═════ Records provided ═════

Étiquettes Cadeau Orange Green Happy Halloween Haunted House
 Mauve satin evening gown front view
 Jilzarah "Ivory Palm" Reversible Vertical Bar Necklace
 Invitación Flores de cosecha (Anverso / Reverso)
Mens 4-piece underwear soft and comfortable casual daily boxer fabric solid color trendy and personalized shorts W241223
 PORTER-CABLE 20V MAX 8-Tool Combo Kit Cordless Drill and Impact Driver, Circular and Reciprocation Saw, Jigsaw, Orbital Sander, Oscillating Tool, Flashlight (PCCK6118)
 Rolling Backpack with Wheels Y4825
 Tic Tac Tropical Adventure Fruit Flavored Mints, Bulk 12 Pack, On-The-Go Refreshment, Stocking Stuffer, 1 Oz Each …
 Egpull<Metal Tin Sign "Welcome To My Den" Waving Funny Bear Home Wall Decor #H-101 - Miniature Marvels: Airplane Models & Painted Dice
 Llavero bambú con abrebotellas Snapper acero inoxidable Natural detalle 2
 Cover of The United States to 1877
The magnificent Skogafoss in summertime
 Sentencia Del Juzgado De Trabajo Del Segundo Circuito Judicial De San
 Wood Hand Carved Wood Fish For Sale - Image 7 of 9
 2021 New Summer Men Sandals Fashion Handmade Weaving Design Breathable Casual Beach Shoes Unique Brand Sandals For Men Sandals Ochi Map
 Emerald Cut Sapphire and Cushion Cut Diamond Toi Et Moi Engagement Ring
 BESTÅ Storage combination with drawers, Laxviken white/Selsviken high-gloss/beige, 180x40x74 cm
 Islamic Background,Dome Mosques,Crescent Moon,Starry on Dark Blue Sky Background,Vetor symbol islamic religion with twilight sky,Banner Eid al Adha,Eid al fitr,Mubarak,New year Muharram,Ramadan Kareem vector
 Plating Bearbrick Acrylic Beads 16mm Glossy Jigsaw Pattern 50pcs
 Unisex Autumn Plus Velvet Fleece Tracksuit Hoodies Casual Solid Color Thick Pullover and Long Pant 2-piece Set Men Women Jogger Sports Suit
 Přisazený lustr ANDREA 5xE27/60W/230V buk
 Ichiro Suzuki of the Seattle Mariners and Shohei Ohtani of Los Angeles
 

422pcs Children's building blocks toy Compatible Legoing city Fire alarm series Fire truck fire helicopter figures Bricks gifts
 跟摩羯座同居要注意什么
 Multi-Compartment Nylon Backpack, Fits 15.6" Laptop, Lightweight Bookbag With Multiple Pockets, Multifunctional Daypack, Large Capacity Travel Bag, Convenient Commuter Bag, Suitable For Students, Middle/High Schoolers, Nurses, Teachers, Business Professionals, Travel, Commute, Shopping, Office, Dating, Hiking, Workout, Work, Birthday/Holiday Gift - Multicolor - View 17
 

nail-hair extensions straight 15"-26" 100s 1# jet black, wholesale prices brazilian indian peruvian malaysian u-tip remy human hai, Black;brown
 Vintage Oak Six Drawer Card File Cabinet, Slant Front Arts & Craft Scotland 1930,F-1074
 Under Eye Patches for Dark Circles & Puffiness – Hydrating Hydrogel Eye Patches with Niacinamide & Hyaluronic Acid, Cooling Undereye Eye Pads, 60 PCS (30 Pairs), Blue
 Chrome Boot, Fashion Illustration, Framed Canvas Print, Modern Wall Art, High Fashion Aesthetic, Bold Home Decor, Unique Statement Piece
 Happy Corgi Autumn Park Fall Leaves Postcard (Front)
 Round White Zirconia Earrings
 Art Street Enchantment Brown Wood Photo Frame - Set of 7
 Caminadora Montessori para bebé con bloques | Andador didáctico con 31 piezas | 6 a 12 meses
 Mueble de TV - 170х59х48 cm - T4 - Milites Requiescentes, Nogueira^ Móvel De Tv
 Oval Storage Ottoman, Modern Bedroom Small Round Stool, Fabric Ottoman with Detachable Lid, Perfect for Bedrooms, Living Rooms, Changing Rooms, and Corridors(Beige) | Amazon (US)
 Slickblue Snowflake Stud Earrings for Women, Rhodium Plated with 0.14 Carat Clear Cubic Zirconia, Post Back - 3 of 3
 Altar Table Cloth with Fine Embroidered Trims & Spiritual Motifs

═════

From the records above, reproduce exactly the lines from the one with "Ichiro Suzuki of" to the one with "nail-hair extensions straight", both included, and no others.

*Reply*
 Ichiro Suzuki of the Seattle Mariners and Shohei Ohtani of Los Angeles
 

422pcs Children's building blocks toy Compatible Legoing city Fire alarm series Fire truck fire helicopter figures Bricks gifts
 跟摩羯座同居要注意什么
 Multi-Compartment Nylon Backpack, Fits 15.6" Laptop, Lightweight Bookbag With Multiple Pockets, Multifunctional Daypack, Large Capacity Travel Bag, Convenient Commuter Bag, Suitable For Students, Middle/High Schoolers, Nurses, Teachers, Business Professionals, Travel, Commute, Shopping, Office, Dating, Hiking, Workout, Work, Birthday/Holiday Gift - Multicolor - View 17
 

nail-hair extensions straight 15"-26" 100s 1# jet black, wholesale prices brazilian indian peruvian malaysian u-tip remy human hai, Black;brown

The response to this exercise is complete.